Mr. Rob Anders (Calgary West, Ref.): Mr. Speaker, we have tried everything to get Senator Andy Thompson to show up for work. We even threw a welcome party to make him feel more at home in Ottawa: a mariachi band, a little la bamba and even some nice hot burritos; but for the 448th time Senator Thompson stood us up.

There is one person who can solve the Senate problem: the prime minister. He can hit the Senate pinata with one blow if he recognizes Senate elections. The prime minister needs to pull off his blindfold so he can see what Canadians want from Andy and his Senate muchachas.


. 1410 + -

No more lying sedate. We want them to debate.

No more endless vacation. We want representation.

No more tropical showers. We want office hours.

No more beachside recreation. We want them to review legislation.

No more lying on a cot. We want some sober second thought.

No more shopping in Mexico City. We want them on a subcommittee.

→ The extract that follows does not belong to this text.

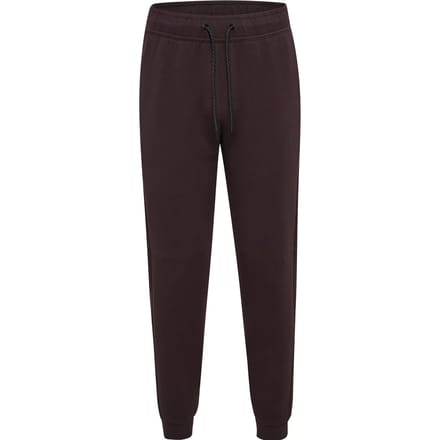 Hummel-broek Hmltech Fleece Regular Pants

No more playing and straying all day. We want them all to earn their pay.

*  *  *



Mrs. Marlene Jennings (Notre-Dame-de-Grâce—Lachine, Lib.): Mr. Speaker, I was happy to learn this morning that Canadian National and Illinois Central Railroad are engaged. CN's purchase of this railroad will cost some $4.3 billion. More importantly, the purchase should increase the number of CN employees.

No, it should not mean a cut in staff. This is great news for the economy of the Montreal region. Canadian National, currently the sixth largest railway company in North America will move to fifth place.

We should all be delighted at this marriage, because it will provide a significant boost to the economy of the Montreal region.

This is truly a love story. A toast to St. Valentine's Day.

*  *  *



Mr. Rick Laliberte (Churchill River, NDP): Mr. Speaker, Canada's rail system continues to expand in the wrong direction. Yesterday CN purchased an American rail line. At the same time small branch lines serving rural Canada continue to be abandoned.

Ottawa has abandoned the small family farms which cannot afford to ship grains to market. Last week Saskatchewan lost the White Fox line which served communities and farmers between Choiceland and Meath Park. I hope they do not pull the rail lines out.

We demand an immediate review of the Canadian Transportation Act to prevent the continuing loss of vital rail service in Canada. We call for a national transportation strategy which will go forward into the next century, not backward into the last.

This plan should address the issues of grain shipments, environmental benefits, the deterioration of highways and affordable rail transportation throughout Canada.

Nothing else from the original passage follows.